Derive a formula to find the number of trailing zeroes in $n!$ [duplicate]
The number of trailing zeroes in $n!$ is the exponent of $5$ in the prime factorization of $n!$, which by the de Polignac's formula$^1$ is given by
$$e_5(n!)=\sum_{i= 1}^{\left\lfloor \log n/\log 5\right\rfloor} \left \lfloor \frac{n}{5^i} \right \rfloor.\tag{1}$$
Added. By the same de Polignac's formula the exponent of $2$ in the prime factorization of $n!$ is
$$e_2(n!)=\sum_{i= 1}^{\left\lfloor\log n/\log 2\right\rfloor} \left \lfloor \frac{n}{2^i} \right \rfloor.\tag{2}$$
Edited. For every $n$ there exists $m$ such that $n!=2^{e_2(n!)}\cdot 5^{e_5(n!)}m=(2^{e_2(n!)-e_5(n!)}m)10^{e_5(n!)}$, which proves that the number of trailing zeroes in $n!$ is the exponent of $5$ in the prime factorization of $n!$ .
Example: $n=50$. The exponent of $2$ in the prime factorization of $50!$ is
$$\begin{align} e_2(50!)=\sum_{i\geq 1}\left\lfloor \dfrac{50}{2^{i}}\right\rfloor &= \left\lfloor \dfrac{50}{2}\right\rfloor+\left\lfloor \dfrac{50}{2^{2}} \right\rfloor + \left\lfloor \dfrac{50}{2^{3}} \right\rfloor + \left\lfloor\dfrac{50}{2^{4}}\right\rfloor +\left\lfloor \dfrac{50}{2^{5}}\right\rfloor \\ &=25+12+6+3+1 \\ &=47, \end{align}$$
and the exponent of $5$ is $$e_5(50!)=\sum_{i\geq 1}\left\lfloor \dfrac{50}{5^{i}}\right\rfloor=\left\lfloor \dfrac{50}{5}\right\rfloor +\left\lfloor \dfrac{50}{5^{2}}\right\rfloor =10+2=12.$$ So, the number of trailing zeroes in $50!=2^{47}5^{12}m=(2^{35}m)10^{12}$ is $12$.

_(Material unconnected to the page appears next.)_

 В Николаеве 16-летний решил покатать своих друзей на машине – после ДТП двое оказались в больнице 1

$^1$ For every integer $n$ the exponent of the prime $p$ in the prime factorization of $n!$ equals $$\displaystyle\sum_{i= 1}^{\left\lfloor \log n/\log p\right\rfloor}\left\lfloor \frac{n}{p^{i}} \right\rfloor .$$
This exponent is obtained by adding to the numbers between $1$ and $n$ which are divisible by $p$ the number of those divisible by $p^{2}$, then the number of those divisible by $p^{3}$, and so on. The process terminates at the greatest power $p^{i}\leq n$.
(HINT) Let's see:
For a number up to $4$, no fives divide $n!$. Between $5$ and $9$, exactly 1 5 divides $n!$. At $10$, we get another $5$. Thinking about it, we may suspect that at $15$, we would get our next 5, and so on.

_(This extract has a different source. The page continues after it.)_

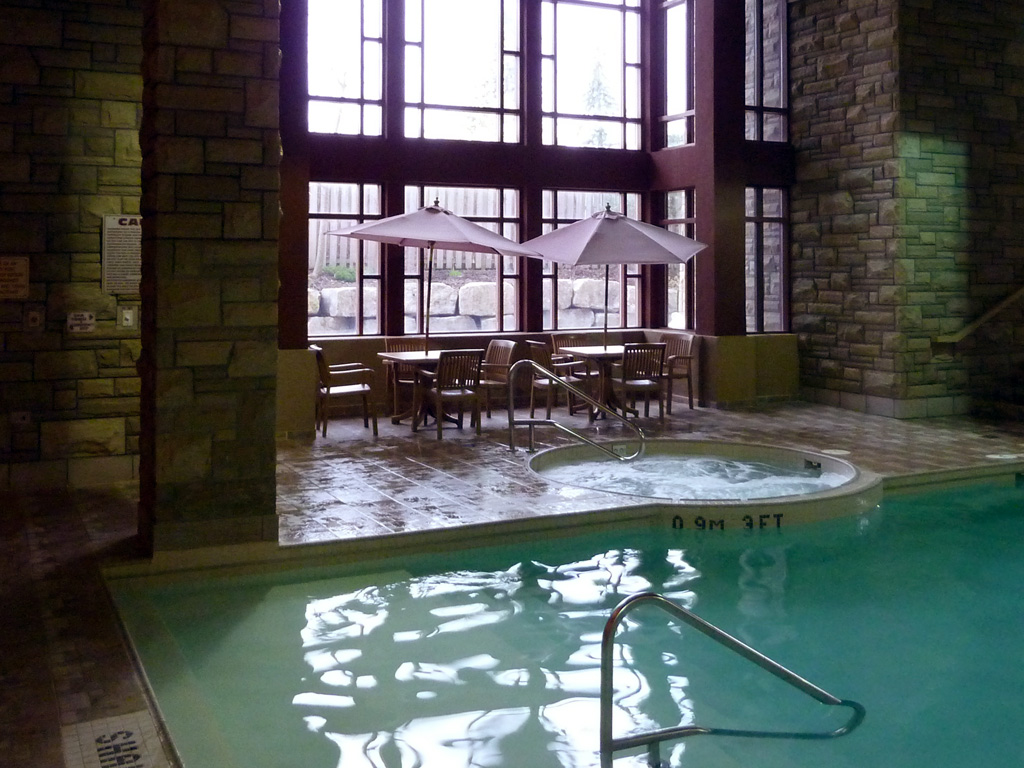 20100415 Doubletree Fallsview Resort & Spa by Hilton - Pool 02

So is the formula $\lfloor \frac{n}{5} \rfloor$? That seems to work up to 5, 10, 15, 20. But at $25$, we get not 1 but two additional factors of $5$! Thus we get that for $26$ and so on, too!
How can we modify our formula to account for that?
(and - so that you don't think it's done then, remember things like $125$ and $625$ too).